Chris Pepin (00:25): Welcome back to the podcast. We’re doing a series on back to the basics. My name’s Chris Pepin, and I’m the founder of Progressive Reliability. I’m joined by Tim Goshert and Doug Plucknette, and this is the manufacturing talent podcast. For today’s final piece, we’re going to be talking about the Achilles’ heel, the importance of having a maintenance crew that can work to the level of precision required to ensure inherent design reliability. We’re going to be buttoning up everything we’ve covered in the last set of calls here and get everybody set up to take on the next piece of the adventure. Doug, tell us about the Achilles’ heel.
Doug Plucknette (01:01): Uh Chris Um we discussed in the earlier podcasts about you know, going back to basics, setting up that foundation, the hierarchy equipment, criticality, developing a failure modes based maintenance strategy, what it takes to develop those tasks and how is a company that’s important to ensure that we can actually deliver the design reliability or the inherent design reliability of our assets. And while building that foundation is absolutely necessary, the only way it’s not going to deliver is if you don’t have the right people there to actually perform the tasks. So that’s what I call the Achilles’ heel of a maintenance organization is, is when they don’t recognize that there is such a thing as a skilled trades person. And what does that mean? Well, that means they can work at a level of precision. As you mentioned here just a minute ago, that can deliver that inherent design reliability, right?
Doug Plucknette (02:02): So they can align things properly, balance things properly. They know how to properly install things so that they’re going to perform as designed. And believe it or not, this is something we see quite a bit. There’s, there seems to be this lack of understanding that and I think it comes from, you know, generations of neglect really. But the trades people well, because they all got high school diplomas, they’re all equal. Or a machinist is a machinist, electrician is a electrician. And they don’t understand the difference between being an electrician in terms of working on manufacturing equipment and high voltage, Sri phase low, low voltage control systems, right? The level of precision that comes with working as a machinist or a maintenance person for aligning pumps and blowers and belts. And it goes on and on, right. I worked at a company that had very specific trades with Eastman Kodak company.
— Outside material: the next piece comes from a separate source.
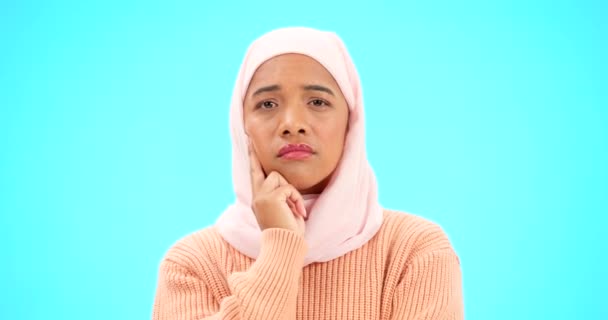 Μουσουλμάνα Γυναίκα Σκέψη Και Ιδέα Χέρι Στο Πρόσωπο Για Μακιγιάρισμα — Αρχείο Βίντεο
Doug Plucknette (03:13): We had pipe fitters, we had machinists, we had automated service mechanics. We had welders, we had instrument techs. All those things were separate trades. In fact, there is machinists and millwrights, two different separate trades. A machinists worked on pumps and could rebuild those things and understood everything about the mechanical aspects. And a millwright was the person that they installed massive equipment, you know steel structure all sorts of stuff like that. So those specific trades and understanding that that’s really, if you’re good at it, that’s what helps to deliver this reliability that everybody seeks or tries to do. And they accomplished that by having formal apprentice program, right. And there was a apprentice program for each of those and it was done internally. As years went by and the company obviously became depleted in and missed the boat on digital.
Doug Plucknette (04:19): They went from having internal apprentice programs to they’re still having an apprentice program that goes on through our local community college because they recognize the importance of having those good, skilled tradespeople. Right. And when you don’t have that, when you’re especially in your HR department, if they don’t understand that anybody can call themselves an electrician. Anybody can call themselves a machinist. Anybody can call themselves an instrument tech. How do you know whether that person is actually skilled or not? So it’s a struggle and I, this is one of those things that companies need to get their arms around that. Tim, any thoughts on your end?
Tim Goshert (05:03): I would agree with you, Doug going back that it, you can do all the prep work you know, have a hierarchy, do criticality have a maintenance strategy for every critical asset, but if you don’t execute that you get you don’t, first of all, you don’t get any reward for that. And secondly, if you execute and you executed poorly with non precision techniques, you won’t get the result either. So this is sort of the, really the linchpin of what needs to happen. You have to have people that can fix things in a precision manner. Now my experience going back into the early nineties, late eighties with my previous company we, we had more of a internal staff that were for lack of a better term, a Jack of all trades master of none. We didn’t have rigid craft crafts by you know, different trades.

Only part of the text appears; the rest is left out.